Kararı, davacı vekili temyiz etmiştir.
1-Dava, davacıya ait evrakların dava dışı kişilere geç tesliminden kaynaklanan zararın tazmini istemine ilişkindir. Davalı 23.05.2013 tarihli ve 28655 sayılı Resmi Gazete’de yayımlanan 09.05.2013 tarihli ve 6475 sayılı Posta Hizmetleri Kanunu’nun 21. maddesi gereğince kamu tüzel kişiliği sona erdirilerek anonim şirkete dönüştürülmüştür. Bu durumda idari yargıda davanın görülmesi imkanı bulunmadığı gibi, önceki yürürlükte bulunan hükümler itibariyle, 233 sayılı Kamu İktisadi Teşebbüsleri Hakkında Kanun Hükmünde Kararname’ye ekli cetvelde Kamu İktisadi Kuruluşları arasında yer alan davalı PTT, aynı Kararname’nin 2/3. maddesi gereğince sermayesinin tamamı devlete ait olup, tekel eliğindeki mal ve hizmetleri kamu yararı gözeterek üretmek ve pazarlamak üzere kurulan ve gördüğü bu kamu hizmeti dolayısıyla ürettiği mal ve hizmetler imtiyaz sayılan Kamu İktisadi Teşebbüsü olarak tanımlanmıştır. Ayrıca 22.2.2000 tarih ve 23972 sayılı Resmi Gazete’de yayınlanarak yürürlüğe giren Ana Statüde de PTT’nin Kanun Hükmünde Kararname ve Ana Statü hükümleri saklı kalmak üzere özel hukuk hükümlerine tabi bulunduğu belirtilmiştir.

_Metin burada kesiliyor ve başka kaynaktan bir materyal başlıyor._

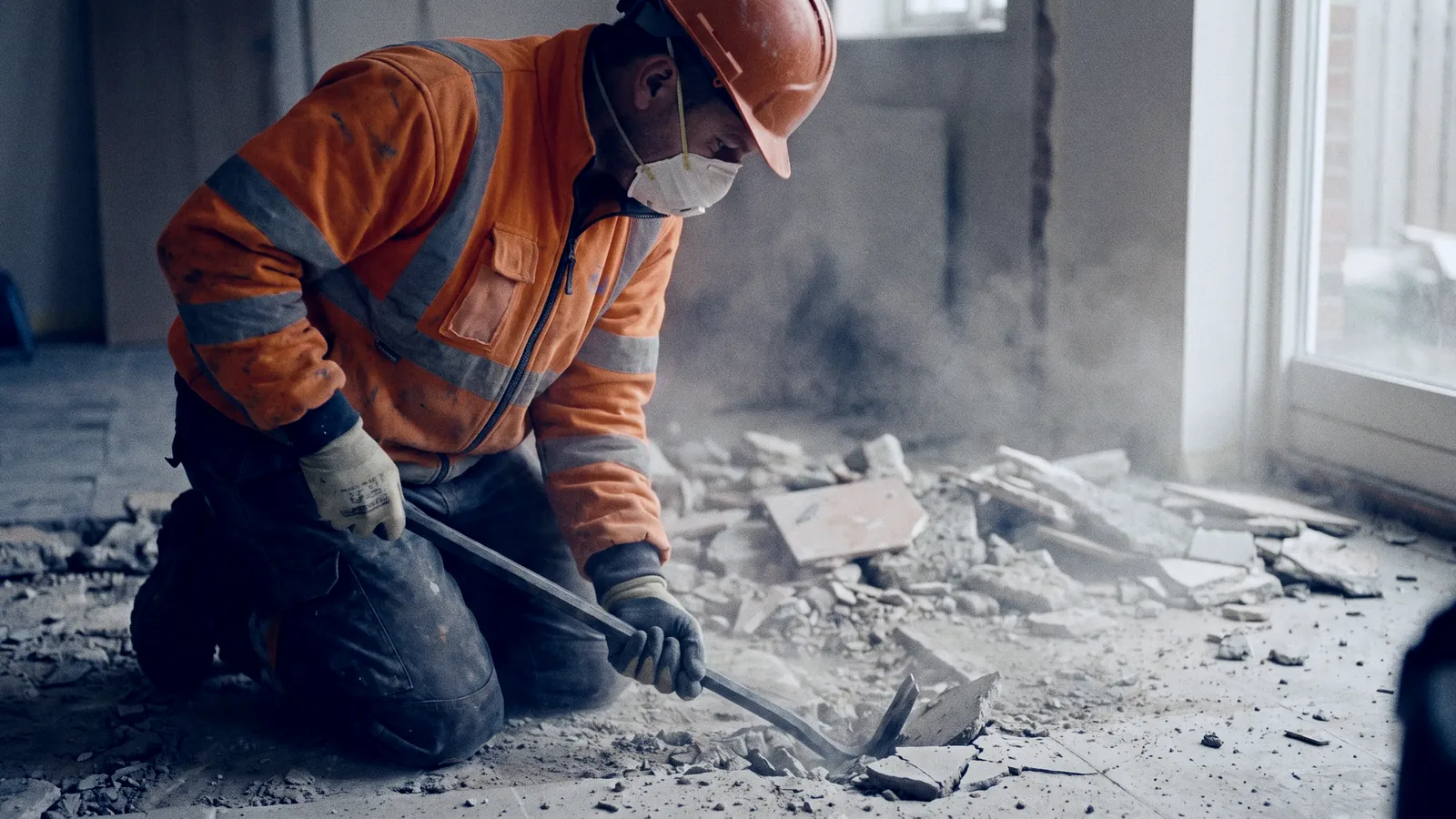 Mitarbeiter von Trageprofi beim Rückbau eines Bodenbelags auf der Baustelle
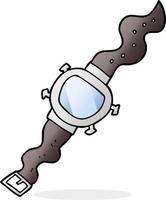 freehand drawn cartoon wrist watch vector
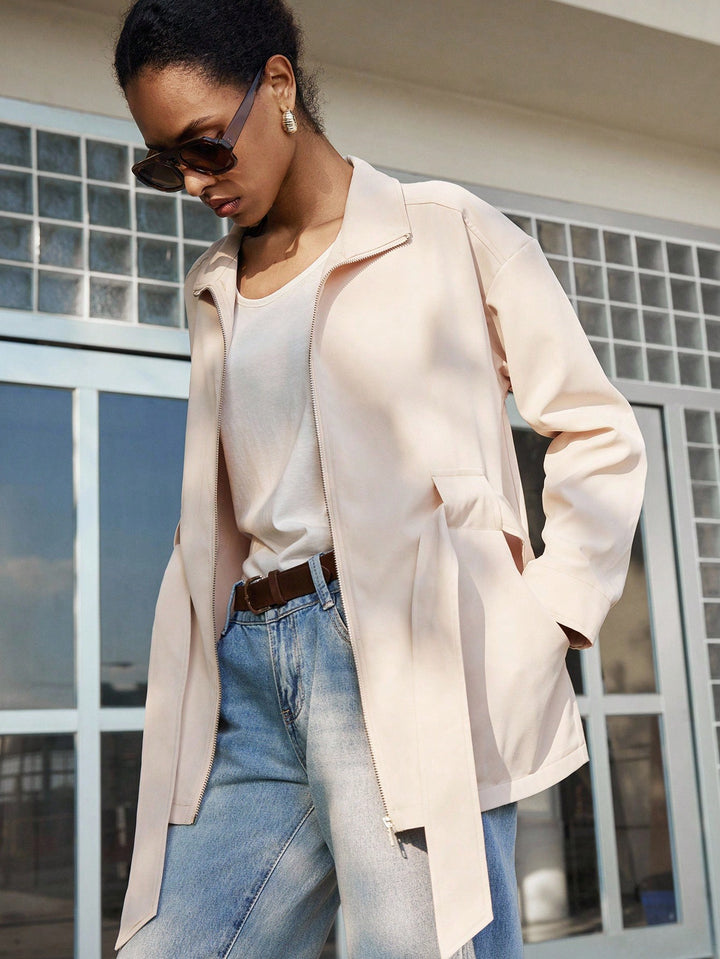 SHEIN télikabát, khaki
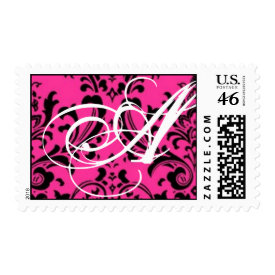 Pink and Black Damask Monogram stamp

Bu durumda, davalı eylemlerinin diğer özel hukuk tüzel kişilerinde olduğu gibi, özel hukuk hükümlerine tabi olduğu gözetilerek uyuşmazlığın çözüm yerinin idari yargı değil, adli yargı olduğunun ve uyuşmazlığın 6762 sayılı TTK uyarınca ticari iş niteliğindeki taşıma sözleşmesinden kaynaklandığının kabulüyle işin esasına girilmesi gerekirken, yazılı gerekçeyle yargı yolu bakımından görevsizlik nedeniyle davanın reddine karar verilmesi doğru olmamış, bozmayı gerektirmiştir.
2- Bozma sebep ve şekline göre, davacı vekilinin sair temyiz itirazlarının incelenmesine şimdilik gerek görülmemiştir.
SONUÇ: Yukarıda (1) numaralı bentte açıklanan nedenlerle, davacı vekilinin temyiz itirazlarının kabulü ile kararın davacı yararına BOZULMASINA, (2) numaralı bentte açıklanan nedenlerle, davacı vekilinin sair temyiz itirazlarının incelenmesine şimdilik yer olmadığına, ödediği temyiz peşin harcın isteği halinde temyiz eden davacıya iadesine, 12/01/2016 tarihinde oybirliğiyle karar verildi.